International Women’s Day is a day to celebrate the progress that women have made, while also continuing to fight for equity and continued progress and change toward a world in which everyone can reach an equal outcome regardless of gender.

More women have moved into leadership positions over the last decade but there are still vast barriers for working women, particularly in leadership positions. This international Women’s Day we spoke with three of the women on MRNs leadership team about their journey in the life science space, how they reached their positions and what advice they have for women everywhere:

Adrienne Bryce

Adrienne Bryce – Vice President Portfolio Delivery

“My experiences in clinical research in terms of the roles I have undertaken, and the experience/skills gained, have had a lot to do with the size of the companies I have worked in and the company culture. The more varied the role, the wider the remit and exposure within the company, therefore more opportunity to showcase an individual’s capabilities. Company culture plays a very important part, you need to be comfortable that you are being treated the same regardless of who or what you are and that you have the same opportunities. My advice is to not wait for opportunities to come to you, create your own opportunities to shine and show your worth. The more you are seen and the more you do will naturally expose you to more opportunities, that will enhance your experience and skills. Being influential in a role happens at all levels, everyone can be influential, and it is an important skill to learn how to influence positively. At the same time broadening experience/skills and knowledge maintenance is essential. I made my way into clinical research, working in a Phase I Unit in London. I was hired on a temporary basis because I am a qualified nurse; at the time I knew nothing about the industry. This started my career in clinical research 25+ years ago. Although it was happenstance for me to settle into a career in the clinical research industry, I used my nursing qualification as an advantage to gain a foot in the door and then worked to build the experience needed to progress upwards. I asked questions of seasoned professionals to understand how they got where they were and planned my career accordingly, in a step-by-step way. It was not qualifications that have helped me progress through my career, apart from the start, but broadening my experience, skills, and knowledge.
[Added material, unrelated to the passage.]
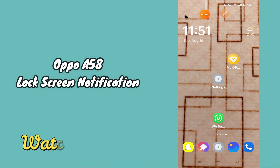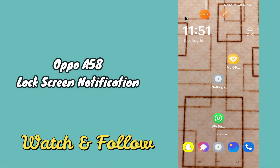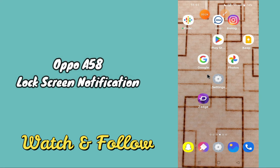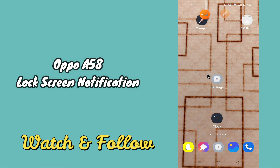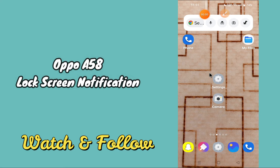Hi everyone, today in my next video I'm gonna show you how you can change lock screen notification settings in your device Oppo A58. If you want to know how to turn on or turn off lock screen notifications, I'll show you the right way how to edit lock screen notifications. Before I start, if you are new to my channel, don't forget to subscribe and press the bell icon. Watch the complete video and learn how you can do it.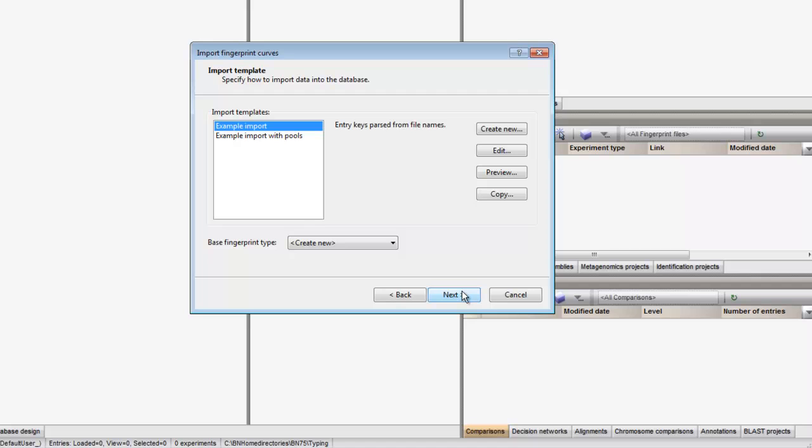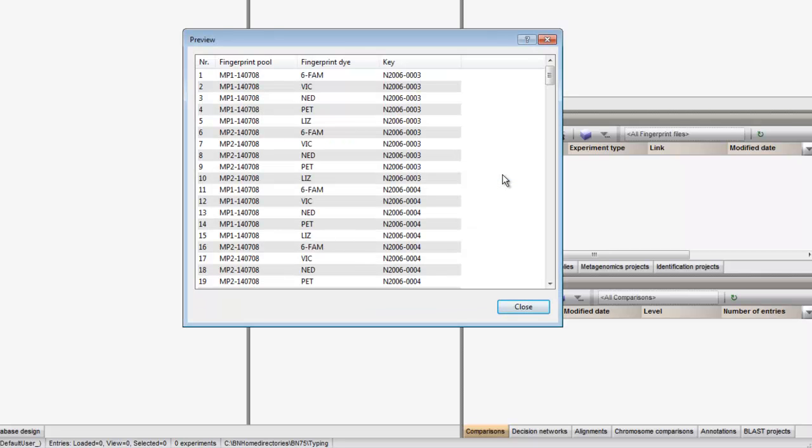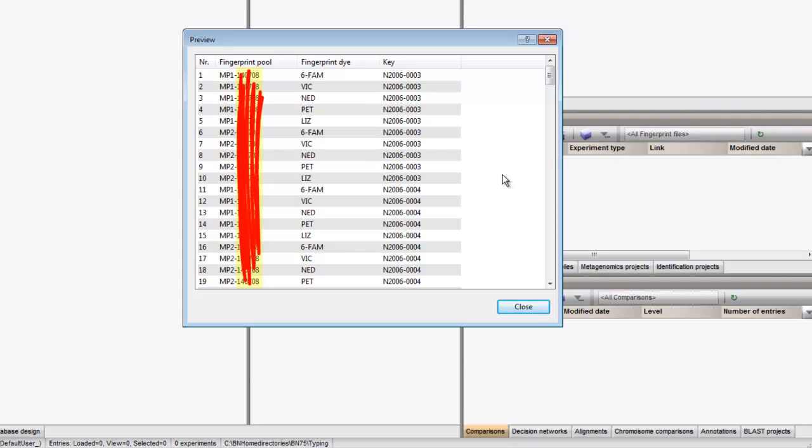For the present dataset, the key and pool information is provided within the file name of the curve files. Pressing the Preview button gives us an idea of how the data will be parsed. The parsed key is OK, but the pool name may be shorter. The number after the hyphen is not informative.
My advice is to have a long-term career plan with a clear progression path, but most importantly, be very clear in your mind as to why a career in the clinical research industry is important to you.”
Caroline Potts

Caroline Potts – Vice President Visit Delivery

“I can honestly say that a career in research wasn’t really something that I planned. When I was young, I wanted to be a Vet and then when I reached my teenage years, I wanted to fly fast-jets in the RAF ... nearly did too (sort of). My first job in research was as an Administrator in an R&D Team. For the first few months I thought I’d made a terrible mistake. Why were people talking about things being double-blinded, and what on earth was a two-sided t-test or a p-value. In sharing my frustrations with my Head of Department, he suggested that I should maybe consider a course or something similar. Enter stage left a Masters in Clinical Research, great yes, erm not so much. How could I do such a thing, I don’t even have an undergraduate degree, let alone start studying at Masters level. But away I went, and I can actually say that there were parts of it I enjoyed, apart from the nine-month long module on Statistics. Many years passed and by the time I left the organisation I’d joined as an Administrator I’d reached the position of Head of Department, something I am very proud of. I was involved in studies of all kinds and worked with some incredibly dedicated folks. At the time I left, I was also studying, again, for a Masters in Healthcare and Design this time. This challenged me in different ways, it encouraged me to think more creatively and to not focus on their only being one solution to a problem, be it a design problem or any other systemic problem too. Do I see myself as an influential person, probably not. What I would like to think is that I offer everyone the opportunity to discuss something they think they can improve, no matter how small the change. The best sentences start with “I’ve been thinking” and enthusiasm is infectious. Although it was never in the life-plan to work in a research environment, it is rewarding each and every day. I’m not one to give advice, all I would say is that it’s ok not to have a fully formed life plan, but keep looking for that thing that challenges you, allows you to grow and gives you a chance to say “I’ve been thinking’.”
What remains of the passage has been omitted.